I am definitely not in the get-married and have-babies phase of my life yet. I am still too focused on figuring our my own life! However for some reason I can’t wait to cook and bake for my hypothetical family. Like that’s the most exciting thing for me about having a family! Many of my best memories are associated with a certain dish that would always accompany a special family event, and I think I really want to recreate that warmth for my own kids someday.
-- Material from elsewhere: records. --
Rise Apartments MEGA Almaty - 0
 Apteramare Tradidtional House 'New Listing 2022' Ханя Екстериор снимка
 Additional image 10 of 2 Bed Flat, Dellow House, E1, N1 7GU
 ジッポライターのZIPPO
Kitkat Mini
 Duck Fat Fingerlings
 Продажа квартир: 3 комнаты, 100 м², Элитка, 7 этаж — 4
If you also share my affection for baked breakfast (say, on a weekend accompanied by a foamy latte), then you’re going to love this recipe. If you’re more of a cereal person, you’ll still like this recipe. If you’re not even a breakfast person (gasp!! why??) then I would 1) ask you to examine your life choices and 2) just give this one breakfast dish a go.
This dish requires a little prep work the night before, but don’t most great breakfasts? Also, it’s dairy free because I’m trying a dairy free diet (idk if it’s gonna last, I’ll keep you updated on results). But if you want to use dairy then doooo it. Here we go:
- 1 cup brown sugar
- 1/2 cup Earth Balance butter substitute
- 2 tablespoons water
- 3 peaches, washed and sliced into thin wedges (I left the skin on, peel it if you’d prefer to)
- 1/4 cup sliced almonds
- 6 slices whole-grain bread
- 5 eggs
- 1 tablespoon vanilla extract
- Ground cinnamon for sprinkling on top
- In a saucepan the night before, stir together the brown sugar, Earth Balance and water. Bring to a boil, then reduce heat to low and simmer for 10 minutes, stirring frequently.
- Pour the brown sugar into a 9×13 baking dish, and tilt dish so that mixture covers entire bottom. Sprinkle almonds on top.
- Layer the peaches over the sugar coating, then top with slices of bread.
- Whisk together eggs and vanilla in a bowl. Carefully pour egg mixture over bread slices so that the bread is evenly coated.
- Sprinkle the top with desired amount of cinnamon.
- Cover and refrigerate overnight.
- Wake up and get excited!
- Remove dish from refrigerator about 30 minutes before baking. Preheat oven to 350 degrees F.
- Bake for 25-30 minutes until the bread is golden brown. Dig in!!